> **ACTION ITEM**
Among the lines below, take the one holding "适合学生党的10款眼影,用上之后你就是这条街上最靓的崽", the one holding "Fortnite minty legends - Picture 2 of 2", and all lines between them. Set them down exactly.

Top of DATA

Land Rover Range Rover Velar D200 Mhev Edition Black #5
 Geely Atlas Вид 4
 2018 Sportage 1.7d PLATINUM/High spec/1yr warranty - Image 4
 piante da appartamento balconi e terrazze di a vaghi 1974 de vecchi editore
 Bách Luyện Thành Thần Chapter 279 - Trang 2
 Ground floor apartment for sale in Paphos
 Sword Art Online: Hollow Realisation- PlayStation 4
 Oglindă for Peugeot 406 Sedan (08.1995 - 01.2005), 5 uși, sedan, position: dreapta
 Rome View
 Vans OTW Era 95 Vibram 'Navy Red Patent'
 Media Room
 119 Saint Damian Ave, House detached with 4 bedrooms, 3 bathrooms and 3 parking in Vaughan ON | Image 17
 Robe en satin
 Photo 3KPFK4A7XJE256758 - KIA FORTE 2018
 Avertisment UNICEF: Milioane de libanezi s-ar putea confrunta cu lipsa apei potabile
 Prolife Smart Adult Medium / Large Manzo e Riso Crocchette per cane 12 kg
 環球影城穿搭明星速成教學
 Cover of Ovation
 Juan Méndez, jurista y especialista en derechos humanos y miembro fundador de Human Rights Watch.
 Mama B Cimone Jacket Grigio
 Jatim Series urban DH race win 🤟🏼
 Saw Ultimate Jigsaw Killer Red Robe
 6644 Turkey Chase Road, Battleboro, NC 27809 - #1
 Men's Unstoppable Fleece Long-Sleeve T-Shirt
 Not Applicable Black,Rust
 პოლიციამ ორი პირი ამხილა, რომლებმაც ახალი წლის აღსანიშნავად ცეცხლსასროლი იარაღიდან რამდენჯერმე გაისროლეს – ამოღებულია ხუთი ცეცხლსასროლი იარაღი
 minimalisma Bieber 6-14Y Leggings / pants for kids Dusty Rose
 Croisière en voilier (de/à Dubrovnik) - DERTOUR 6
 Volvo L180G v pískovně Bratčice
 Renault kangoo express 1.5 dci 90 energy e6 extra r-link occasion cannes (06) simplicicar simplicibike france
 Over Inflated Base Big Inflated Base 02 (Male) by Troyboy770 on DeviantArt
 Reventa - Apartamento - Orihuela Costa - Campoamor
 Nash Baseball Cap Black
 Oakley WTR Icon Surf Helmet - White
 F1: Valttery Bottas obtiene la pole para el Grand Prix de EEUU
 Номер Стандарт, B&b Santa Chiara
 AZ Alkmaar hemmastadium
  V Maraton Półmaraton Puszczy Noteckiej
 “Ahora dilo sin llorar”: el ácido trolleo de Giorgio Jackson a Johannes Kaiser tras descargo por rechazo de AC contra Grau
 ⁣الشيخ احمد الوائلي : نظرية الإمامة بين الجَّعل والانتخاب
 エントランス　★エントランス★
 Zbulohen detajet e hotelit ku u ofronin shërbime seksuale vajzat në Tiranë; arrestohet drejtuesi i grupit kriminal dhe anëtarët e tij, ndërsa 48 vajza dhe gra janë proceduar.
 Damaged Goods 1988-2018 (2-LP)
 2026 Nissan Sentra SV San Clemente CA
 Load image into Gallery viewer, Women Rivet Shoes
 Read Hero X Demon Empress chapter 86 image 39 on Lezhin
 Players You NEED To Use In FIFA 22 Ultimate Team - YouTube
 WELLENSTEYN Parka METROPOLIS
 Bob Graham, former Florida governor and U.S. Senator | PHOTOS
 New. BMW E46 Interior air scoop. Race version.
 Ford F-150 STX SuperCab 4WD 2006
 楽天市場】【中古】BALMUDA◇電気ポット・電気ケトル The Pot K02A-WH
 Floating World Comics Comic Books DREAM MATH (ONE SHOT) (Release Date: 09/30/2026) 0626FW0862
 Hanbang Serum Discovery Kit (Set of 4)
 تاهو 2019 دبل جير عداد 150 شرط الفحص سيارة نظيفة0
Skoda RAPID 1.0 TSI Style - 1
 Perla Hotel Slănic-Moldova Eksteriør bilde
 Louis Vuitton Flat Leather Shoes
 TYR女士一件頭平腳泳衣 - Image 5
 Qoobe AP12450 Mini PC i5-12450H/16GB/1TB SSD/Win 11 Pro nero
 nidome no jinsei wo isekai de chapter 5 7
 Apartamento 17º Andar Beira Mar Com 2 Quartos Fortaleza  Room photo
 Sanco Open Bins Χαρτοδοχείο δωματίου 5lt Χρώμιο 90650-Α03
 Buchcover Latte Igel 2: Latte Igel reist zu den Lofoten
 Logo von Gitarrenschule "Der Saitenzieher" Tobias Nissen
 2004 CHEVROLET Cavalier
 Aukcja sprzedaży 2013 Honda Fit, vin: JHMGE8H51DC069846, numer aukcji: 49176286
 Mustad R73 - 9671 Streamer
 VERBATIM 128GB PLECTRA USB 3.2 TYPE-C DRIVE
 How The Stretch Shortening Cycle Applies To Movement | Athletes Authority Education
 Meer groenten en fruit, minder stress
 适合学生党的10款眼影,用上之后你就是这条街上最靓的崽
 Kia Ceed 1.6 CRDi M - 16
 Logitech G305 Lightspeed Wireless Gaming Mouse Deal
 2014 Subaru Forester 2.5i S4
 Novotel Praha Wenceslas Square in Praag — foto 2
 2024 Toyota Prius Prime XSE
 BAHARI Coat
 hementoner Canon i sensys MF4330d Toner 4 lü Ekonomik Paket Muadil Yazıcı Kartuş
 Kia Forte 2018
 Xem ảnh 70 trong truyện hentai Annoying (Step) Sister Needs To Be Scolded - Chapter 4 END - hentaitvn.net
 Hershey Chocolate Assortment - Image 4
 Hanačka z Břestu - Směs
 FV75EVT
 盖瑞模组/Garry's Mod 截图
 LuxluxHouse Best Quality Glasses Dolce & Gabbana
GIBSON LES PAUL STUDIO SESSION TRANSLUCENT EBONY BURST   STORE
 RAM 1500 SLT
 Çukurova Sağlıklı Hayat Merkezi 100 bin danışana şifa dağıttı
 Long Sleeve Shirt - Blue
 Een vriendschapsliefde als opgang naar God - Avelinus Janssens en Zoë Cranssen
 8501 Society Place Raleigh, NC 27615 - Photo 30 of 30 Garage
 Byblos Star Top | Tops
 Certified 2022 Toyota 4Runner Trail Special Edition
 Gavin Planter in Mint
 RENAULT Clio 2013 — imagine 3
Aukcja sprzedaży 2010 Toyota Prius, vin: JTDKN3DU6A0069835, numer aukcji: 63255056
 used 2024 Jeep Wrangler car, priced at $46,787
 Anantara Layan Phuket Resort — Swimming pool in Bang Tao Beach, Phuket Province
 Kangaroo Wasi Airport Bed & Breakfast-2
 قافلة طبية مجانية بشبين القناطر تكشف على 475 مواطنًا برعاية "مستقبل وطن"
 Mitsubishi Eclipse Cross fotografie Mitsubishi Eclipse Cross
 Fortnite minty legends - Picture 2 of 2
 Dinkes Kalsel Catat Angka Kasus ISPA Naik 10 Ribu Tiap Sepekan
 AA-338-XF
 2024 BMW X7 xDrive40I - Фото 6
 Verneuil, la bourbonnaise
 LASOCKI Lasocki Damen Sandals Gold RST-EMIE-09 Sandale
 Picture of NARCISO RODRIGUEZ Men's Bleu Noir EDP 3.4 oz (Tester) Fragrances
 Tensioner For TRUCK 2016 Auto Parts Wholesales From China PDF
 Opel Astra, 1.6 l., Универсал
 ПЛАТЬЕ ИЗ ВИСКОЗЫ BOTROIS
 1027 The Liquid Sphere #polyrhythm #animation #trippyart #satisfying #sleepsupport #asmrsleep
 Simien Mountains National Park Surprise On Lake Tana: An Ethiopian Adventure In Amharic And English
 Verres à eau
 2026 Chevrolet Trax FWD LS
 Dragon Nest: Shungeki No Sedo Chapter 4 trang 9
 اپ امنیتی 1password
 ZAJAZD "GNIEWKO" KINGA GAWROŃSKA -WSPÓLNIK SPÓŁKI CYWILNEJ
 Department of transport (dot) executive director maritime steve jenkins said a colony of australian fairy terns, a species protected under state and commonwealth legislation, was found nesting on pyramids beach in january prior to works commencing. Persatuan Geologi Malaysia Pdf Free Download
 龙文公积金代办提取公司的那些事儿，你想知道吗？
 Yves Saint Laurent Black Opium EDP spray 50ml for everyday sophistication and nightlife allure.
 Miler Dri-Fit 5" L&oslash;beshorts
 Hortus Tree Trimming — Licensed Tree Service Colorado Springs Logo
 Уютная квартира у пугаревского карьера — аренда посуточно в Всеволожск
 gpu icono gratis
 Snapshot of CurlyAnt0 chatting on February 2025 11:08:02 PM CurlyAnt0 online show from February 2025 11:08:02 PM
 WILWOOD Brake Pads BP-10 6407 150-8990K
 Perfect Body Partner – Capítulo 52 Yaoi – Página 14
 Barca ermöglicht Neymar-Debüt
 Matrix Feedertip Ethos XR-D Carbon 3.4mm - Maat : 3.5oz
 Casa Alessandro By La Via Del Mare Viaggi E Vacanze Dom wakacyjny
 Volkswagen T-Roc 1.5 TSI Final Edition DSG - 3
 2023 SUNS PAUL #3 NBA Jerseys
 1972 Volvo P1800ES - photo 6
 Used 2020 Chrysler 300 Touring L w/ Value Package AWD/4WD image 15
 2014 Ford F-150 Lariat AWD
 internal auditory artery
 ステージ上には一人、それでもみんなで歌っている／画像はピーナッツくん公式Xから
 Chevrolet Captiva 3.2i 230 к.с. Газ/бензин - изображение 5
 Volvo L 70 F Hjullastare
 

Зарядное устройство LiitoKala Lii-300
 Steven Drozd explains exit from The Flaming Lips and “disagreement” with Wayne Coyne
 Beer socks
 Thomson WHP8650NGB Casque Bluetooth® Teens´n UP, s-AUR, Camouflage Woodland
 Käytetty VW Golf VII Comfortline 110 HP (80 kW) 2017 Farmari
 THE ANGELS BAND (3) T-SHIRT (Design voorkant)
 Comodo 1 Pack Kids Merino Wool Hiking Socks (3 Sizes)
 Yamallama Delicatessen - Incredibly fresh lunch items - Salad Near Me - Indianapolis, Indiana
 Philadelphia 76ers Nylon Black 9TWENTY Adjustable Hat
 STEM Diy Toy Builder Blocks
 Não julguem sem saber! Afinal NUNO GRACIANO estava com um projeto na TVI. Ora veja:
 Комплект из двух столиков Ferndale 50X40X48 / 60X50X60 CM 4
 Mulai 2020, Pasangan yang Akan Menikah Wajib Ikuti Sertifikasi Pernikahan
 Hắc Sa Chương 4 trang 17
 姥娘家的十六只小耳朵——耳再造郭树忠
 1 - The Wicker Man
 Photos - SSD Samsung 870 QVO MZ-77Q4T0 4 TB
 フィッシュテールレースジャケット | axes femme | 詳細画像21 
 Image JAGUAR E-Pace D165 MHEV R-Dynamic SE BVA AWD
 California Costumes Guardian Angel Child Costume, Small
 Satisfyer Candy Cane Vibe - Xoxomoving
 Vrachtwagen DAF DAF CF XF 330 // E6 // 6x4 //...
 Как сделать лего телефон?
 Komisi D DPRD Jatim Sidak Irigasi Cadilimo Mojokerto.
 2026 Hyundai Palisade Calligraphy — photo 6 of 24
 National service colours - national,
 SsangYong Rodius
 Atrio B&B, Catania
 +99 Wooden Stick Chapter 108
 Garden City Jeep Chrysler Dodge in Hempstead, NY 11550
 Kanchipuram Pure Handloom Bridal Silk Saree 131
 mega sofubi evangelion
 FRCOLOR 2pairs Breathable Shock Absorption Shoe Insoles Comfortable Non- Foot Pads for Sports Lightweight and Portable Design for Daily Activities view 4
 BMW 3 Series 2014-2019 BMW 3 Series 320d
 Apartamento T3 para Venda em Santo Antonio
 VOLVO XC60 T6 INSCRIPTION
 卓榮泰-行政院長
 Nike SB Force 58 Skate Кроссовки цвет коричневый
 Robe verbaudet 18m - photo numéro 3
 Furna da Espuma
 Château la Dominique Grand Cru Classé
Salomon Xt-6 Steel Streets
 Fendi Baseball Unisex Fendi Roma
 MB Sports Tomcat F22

Bottom of DATA

> **OUTPUT OF THE TASK**
 适合学生党的10款眼影,用上之后你就是这条街上最靓的崽
 Kia Ceed 1.6 CRDi M - 16
 Logitech G305 Lightspeed Wireless Gaming Mouse Deal
 2014 Subaru Forester 2.5i S4
 Novotel Praha Wenceslas Square in Praag — foto 2
 2024 Toyota Prius Prime XSE
 BAHARI Coat
 hementoner Canon i sensys MF4330d Toner 4 lü Ekonomik Paket Muadil Yazıcı Kartuş
 Kia Forte 2018
 Xem ảnh 70 trong truyện hentai Annoying (Step) Sister Needs To Be Scolded - Chapter 4 END - hentaitvn.net
 Hershey Chocolate Assortment - Image 4
 Hanačka z Břestu - Směs
 FV75EVT
 盖瑞模组/Garry's Mod 截图
 LuxluxHouse Best Quality Glasses Dolce & Gabbana
GIBSON LES PAUL STUDIO SESSION TRANSLUCENT EBONY BURST   STORE
 RAM 1500 SLT
 Çukurova Sağlıklı Hayat Merkezi 100 bin danışana şifa dağıttı
 Long Sleeve Shirt - Blue
 Een vriendschapsliefde als opgang naar God - Avelinus Janssens en Zoë Cranssen
 8501 Society Place Raleigh, NC 27615 - Photo 30 of 30 Garage
 Byblos Star Top | Tops
 Certified 2022 Toyota 4Runner Trail Special Edition
 Gavin Planter in Mint
 RENAULT Clio 2013 — imagine 3
Aukcja sprzedaży 2010 Toyota Prius, vin: JTDKN3DU6A0069835, numer aukcji: 63255056
 used 2024 Jeep Wrangler car, priced at $46,787
 Anantara Layan Phuket Resort — Swimming pool in Bang Tao Beach, Phuket Province
 Kangaroo Wasi Airport Bed & Breakfast-2
 قافلة طبية مجانية بشبين القناطر تكشف على 475 مواطنًا برعاية "مستقبل وطن"
 Mitsubishi Eclipse Cross fotografie Mitsubishi Eclipse Cross
 Fortnite minty legends - Picture 2 of 2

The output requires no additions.